このところ、朝方に瞑想を行うのが習慣になっています。
瞑想をしていると言うと、少し前まではオカルトっぽいか、宗教的なイメージが強かったと思いますが、近頃は、瞑想を健康法の一つとして扱われるようになり、かなり一般化してきました。
それでも人に話すと、相手によっては怪訝な表情をされることもありますが、やっている人も多くなってきて、共感されることも多々あります。
しかし、自分の瞑想のやり方は、あくまで自己流です。座禅の本や瞑想の入門本などをちらっと読んで始めたものです。
本格的に、ヨガや禅などをやっている人からすれば、まったく違っているかもしれませせんので、それこそ途中で?と思われた方はそちらの本を読んでください。
自分にとっての瞑想の定義は、怒られるかもしれませんが、簡単に言って「思考を切断すること」だと思っています。
つまり、人は生きている限り、いろいろな想念が浮んでくるのを止められません。当たり前ですが、常に何か考えてます。若しくは感じています。生老病死、仕事のことや家庭のこと、人によってはこの国の未来、世界の平和まで、そこまで大げさでなくても、やりかけのゲームや、ドラマの続き、野球の結果など、ぼーっとしていても、実はいつでも何らかの思念を必ず浮かべているものです。
つまり起きている間は、脳(果たして脳が、本当にすべてを考えているかどうかという話はまた別の機会に)がフル回転しているというわけです。
逆に、強いストレスに見舞われ、ずっと一つの想念に頭が支配されて、オーバーフローになっている場合もあります。それ以外のことは考えられない。うつ状態というのは、そういう状況をさしているのでしょう。
その思念を断ち切る訓練をすることで、何も考えない時間、脳を休めることができるのだと思ってします。その手段として、一番有用なのが、私にとっての瞑想だというわけです。

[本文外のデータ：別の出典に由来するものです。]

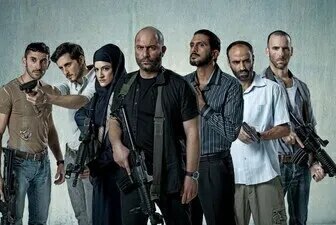 مسلسل فوضي الحلقة 1 مترجمة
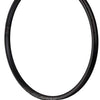 Reverse components black one 35-tr 27.5 rim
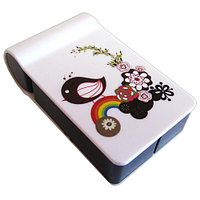 USB 4 PORTS HUB USBONLINE PP00714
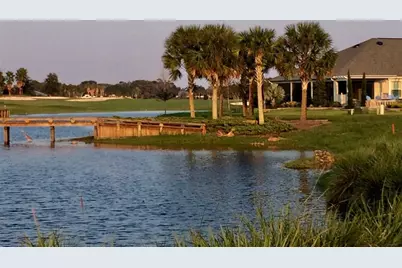2841 Apache Court, The Villages, FL 32163 - Photo 62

おそらく、もう一段高レベルの瞑想ならば、完全に自分を忘れる。つまり、それにまつわって起こる様々な煩悩からも自由になれるかもしれません。
生老病死に対する恐怖から自由になることが、悟りと言われていることならば、瞑想している間は、少なくとも悟っているかもしれません。
ただし、お釈迦様のように、完全に悟ってしまったよう偉人ではないので、あくまで瞑想している間(それもつかの間)だけですが。
ただ、瞑想を長らく続けている方にはよくわかると思いますが、その境地は中々筆舌で言い難いもので、とても澄み切った、それと同時に全能感に包まれた独特の感覚があります。達磨大師が、ひたすら座禅を組んでいた理由がよくわかります。
ただし、問題はこの瞑想をうまくやるのが、簡単そうで本当に難しいことです。私も長年やっていますが、うまくいくのは十日に一回あるかないかです。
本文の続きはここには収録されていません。